For years, the tourism industry received a cut of the RTA's hotel taxes. The transit agency says the arrangement has impeded its efforts to improve service.

The New Orleans Regional Transit Authority and the Ernest N. Morial Convention Center appear to be preparing for a legal battle over a $31.8 million pot of money and roughly $7 million in recurring annual tax revenue. 

The controversy stems from a longtime arrangement that forces the Regional Transit Authority to hand over about half of its hotel tax revenues to the tourism industry every year — a portion of which went to the Convention Center.
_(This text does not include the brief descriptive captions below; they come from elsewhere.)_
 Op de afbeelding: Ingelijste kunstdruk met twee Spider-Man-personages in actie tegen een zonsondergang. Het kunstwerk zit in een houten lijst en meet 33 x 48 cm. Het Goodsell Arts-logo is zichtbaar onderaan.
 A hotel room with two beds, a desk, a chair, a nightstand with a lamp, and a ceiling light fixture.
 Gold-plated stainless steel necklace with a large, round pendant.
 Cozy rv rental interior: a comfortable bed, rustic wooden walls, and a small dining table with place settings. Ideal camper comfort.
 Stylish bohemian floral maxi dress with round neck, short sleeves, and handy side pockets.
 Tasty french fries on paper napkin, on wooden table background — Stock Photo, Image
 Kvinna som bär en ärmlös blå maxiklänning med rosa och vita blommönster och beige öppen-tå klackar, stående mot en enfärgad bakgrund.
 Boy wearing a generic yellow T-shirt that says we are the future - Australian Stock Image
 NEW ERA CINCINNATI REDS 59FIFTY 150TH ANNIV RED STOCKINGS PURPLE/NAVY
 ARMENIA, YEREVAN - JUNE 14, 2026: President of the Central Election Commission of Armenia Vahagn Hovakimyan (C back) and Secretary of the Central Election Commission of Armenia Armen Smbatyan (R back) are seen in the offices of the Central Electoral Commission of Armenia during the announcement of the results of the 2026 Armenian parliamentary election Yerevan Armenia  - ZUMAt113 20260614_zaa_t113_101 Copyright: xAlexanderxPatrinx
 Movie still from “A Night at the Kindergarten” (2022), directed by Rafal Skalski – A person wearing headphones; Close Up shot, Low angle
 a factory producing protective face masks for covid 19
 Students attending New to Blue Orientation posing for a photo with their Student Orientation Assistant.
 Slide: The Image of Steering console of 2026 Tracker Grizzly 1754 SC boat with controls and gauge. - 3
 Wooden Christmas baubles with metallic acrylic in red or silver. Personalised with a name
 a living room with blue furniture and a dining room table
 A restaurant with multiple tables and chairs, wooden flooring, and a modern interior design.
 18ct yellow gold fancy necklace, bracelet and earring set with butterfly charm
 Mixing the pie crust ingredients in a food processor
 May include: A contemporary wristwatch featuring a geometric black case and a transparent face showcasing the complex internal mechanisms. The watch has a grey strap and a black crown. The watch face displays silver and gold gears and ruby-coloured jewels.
The RTA stopped honoring the agreement in February. 

At a Tuesday committee meeting, members of the Convention Center’s governing body, the Ernest N. Morial New Orleans Exhibition Hall Authority, entered an executive session to discuss potential litigation with the RTA. Executive sessions are closed to the public.

The full board has previously entered executive sessions at two other meetings this year, in April and June, to discuss “prospective litigation regarding the Regional Transit Authority’s continued legal obligations to contribute the agreed upon portion” of the hotel sales tax. 

And RTA board meeting agendas for this year show six closed-door sessions to discuss a 1999 lawsuit that resulted in the revenue-sharing arrangement in question. 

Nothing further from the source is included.